■ PROBLEM STATEMENT ■
Please print every record below exactly as written, leaving out the pictures.

■ DATA UNDER STUDY ■
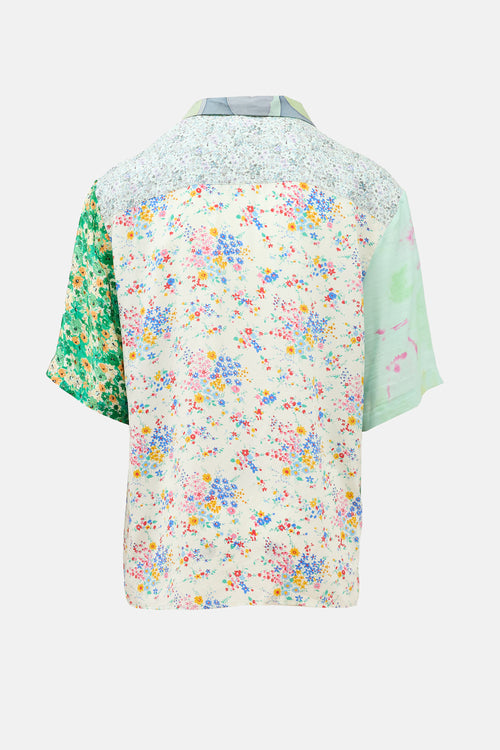 Marine Serre Regenerated Silk Scarf Shirt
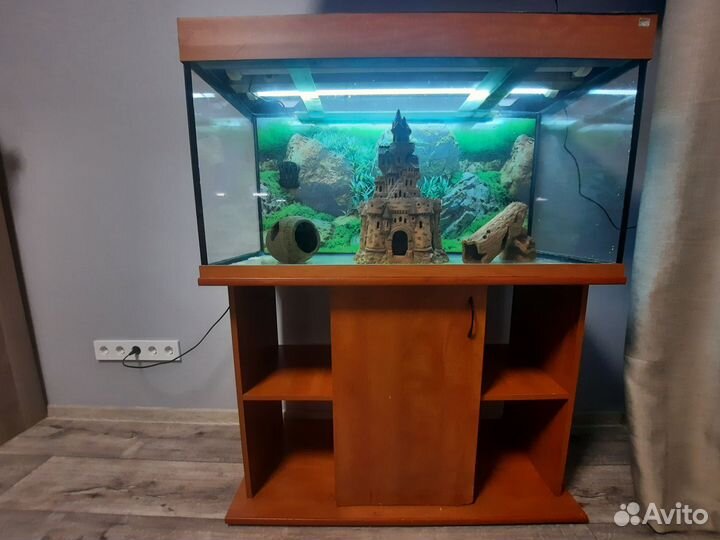 Аквариум с тумбой 200 литров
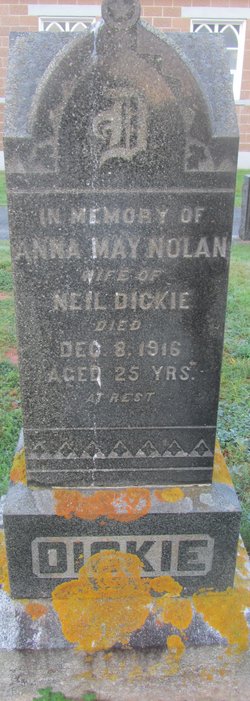 Anna May <I>Nolan</I> Dickie 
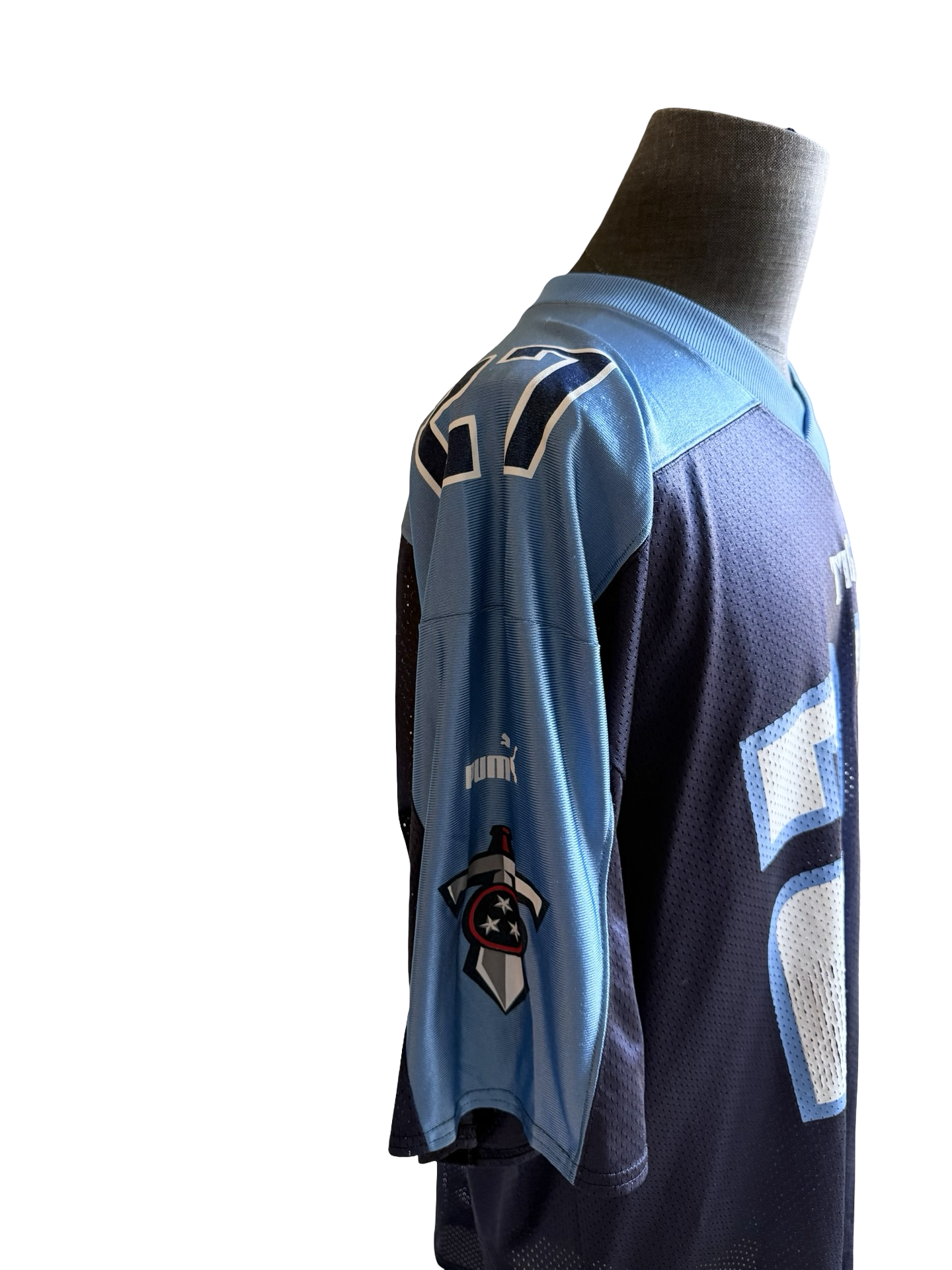 NFL Vtg Eddie George 27 Tennessee Titans Puma Football Jersey Size XL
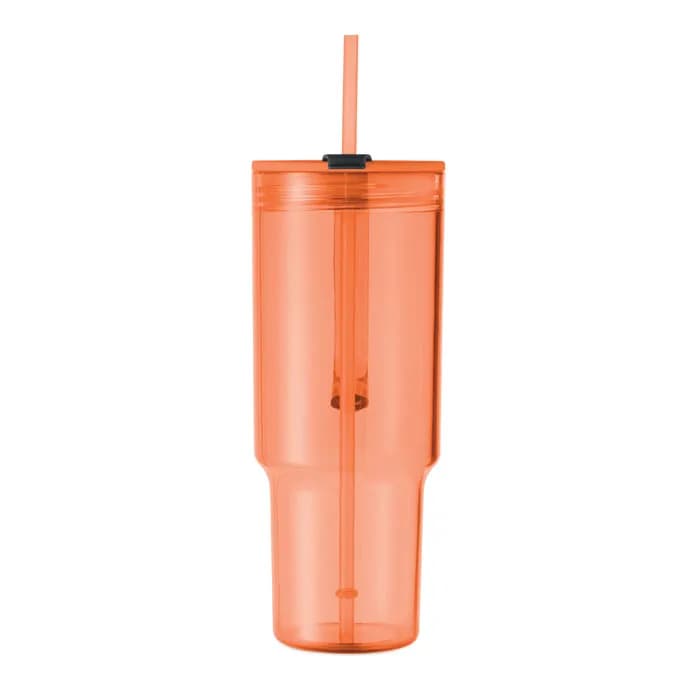Trinkbecher RPET 1200ml - MUGORA - Transparent Orange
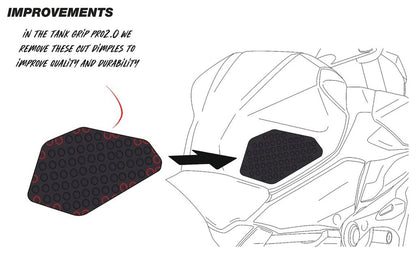 Tank grip stickers transparant Puig CF Moto 675NK / 675SR-R '25-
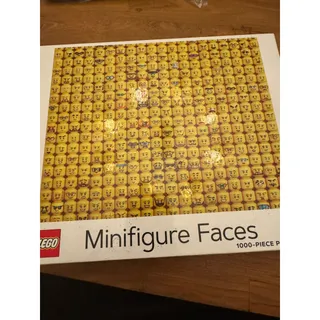 Photo of LEGO Minifigure Faces 1000 Piece Jigsaw Puzzle (Complete)
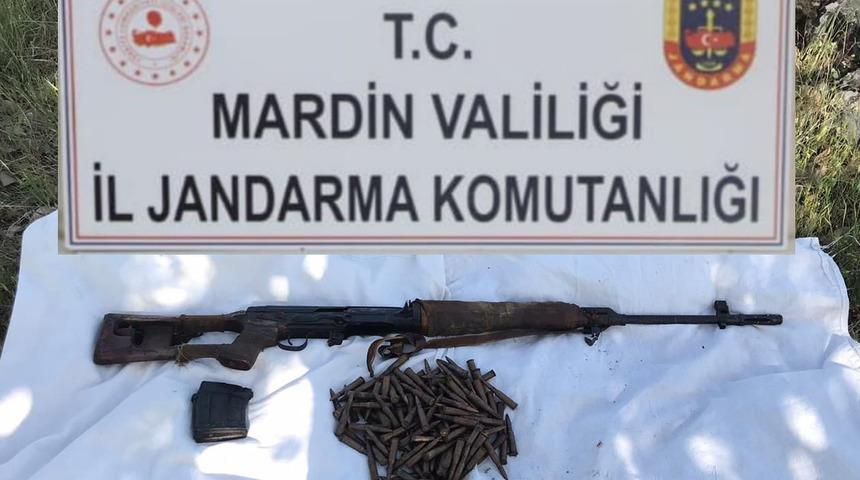 Mardin'de terör operasyonu! Keskin nişancı tüfeği ele geçirildi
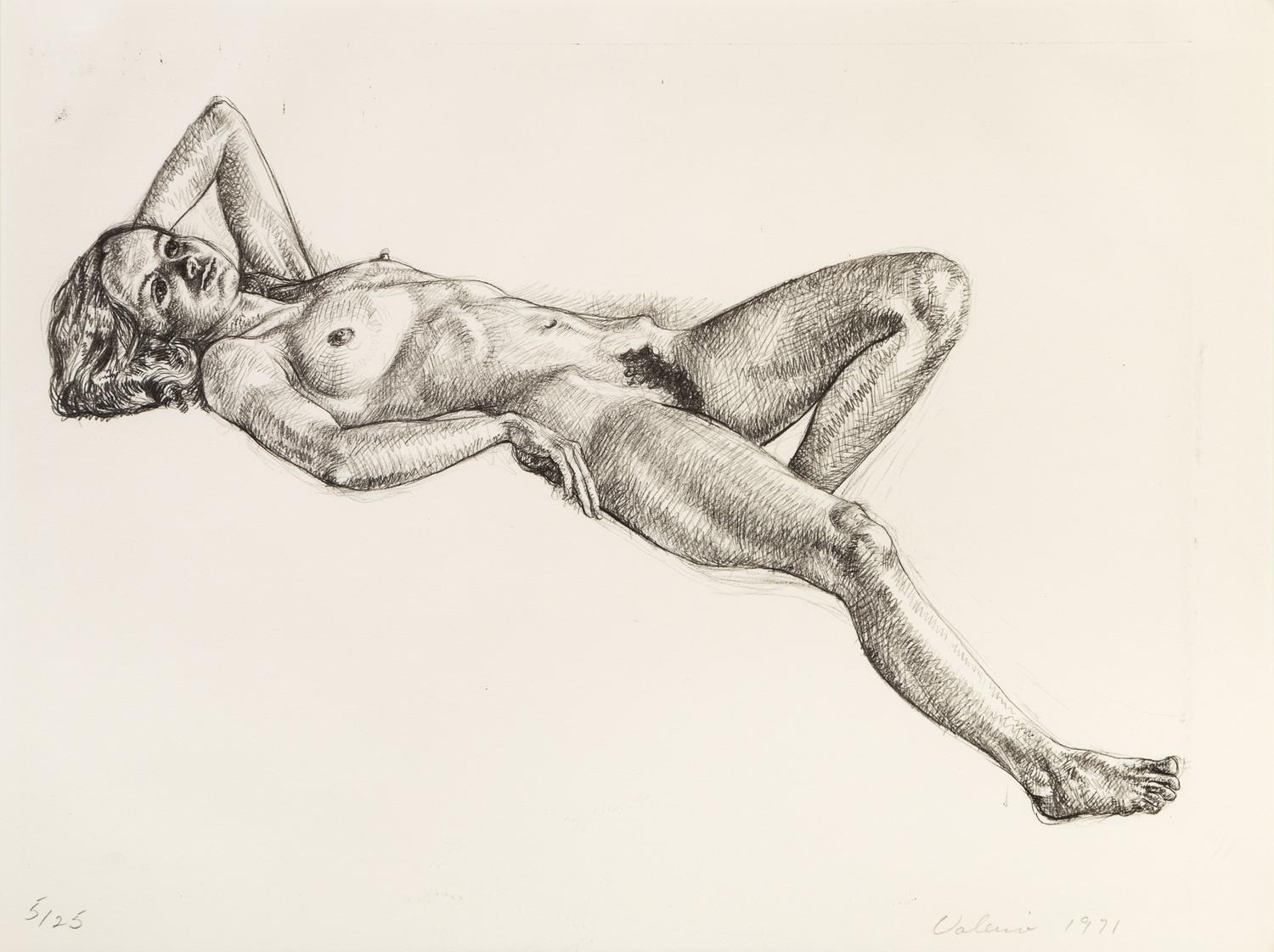 James Valerio (American, b. 1938) Nude, 1971 lithograph…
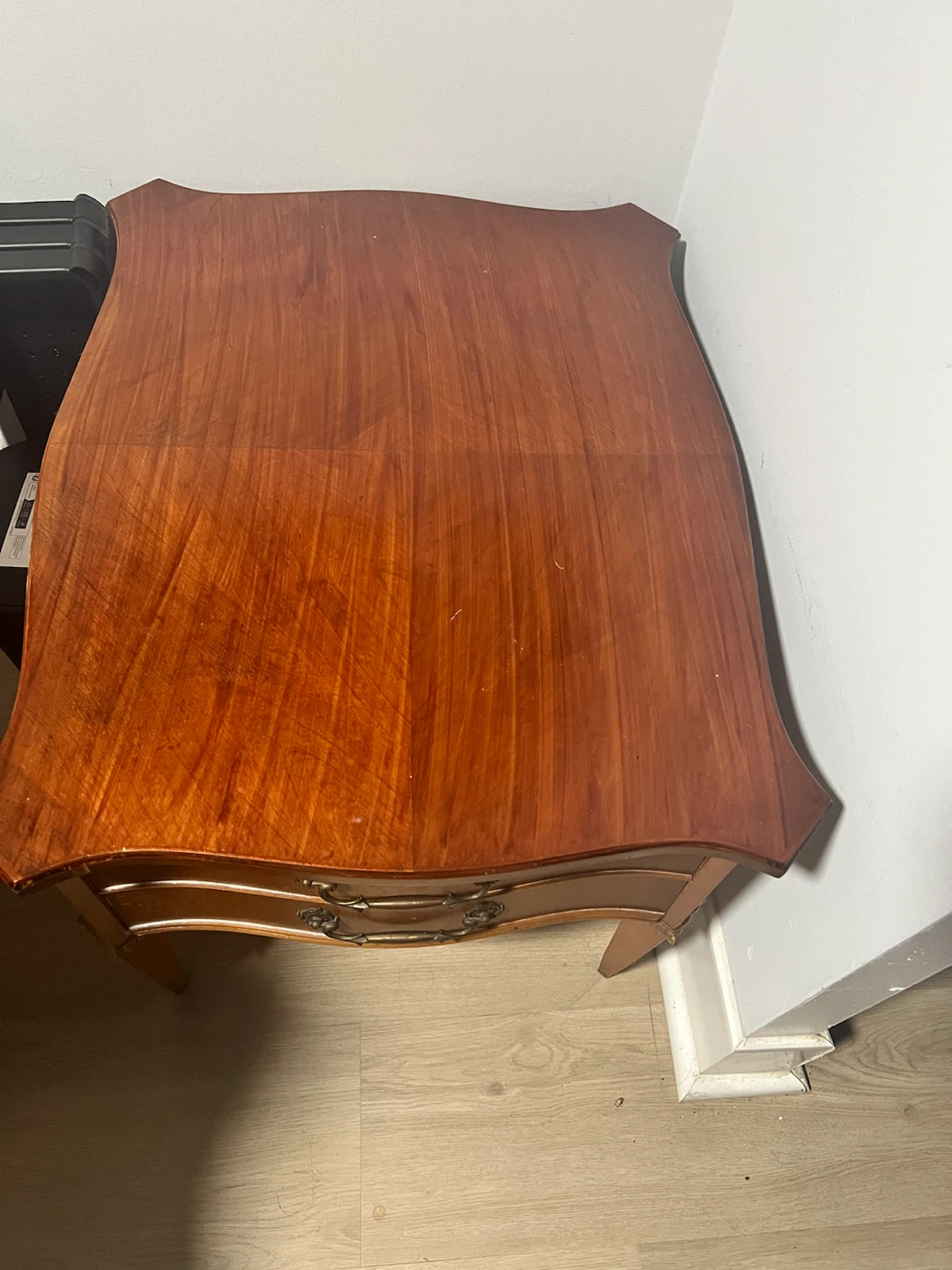 wooden table with drawer - photo 3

■ WRITTEN ANSWER ■
 Marine Serre Regenerated Silk Scarf Shirt
 Аквариум с тумбой 200 литров
 Anna May <I>Nolan</I> Dickie 
 NFL Vtg Eddie George 27 Tennessee Titans Puma Football Jersey Size XL
Trinkbecher RPET 1200ml - MUGORA - Transparent Orange
 Tank grip stickers transparant Puig CF Moto 675NK / 675SR-R '25-
 Photo of LEGO Minifigure Faces 1000 Piece Jigsaw Puzzle (Complete)
 Mardin'de terör operasyonu! Keskin nişancı tüfeği ele geçirildi
 James Valerio (American, b. 1938) Nude, 1971 lithograph…
 wooden table with drawer - photo 3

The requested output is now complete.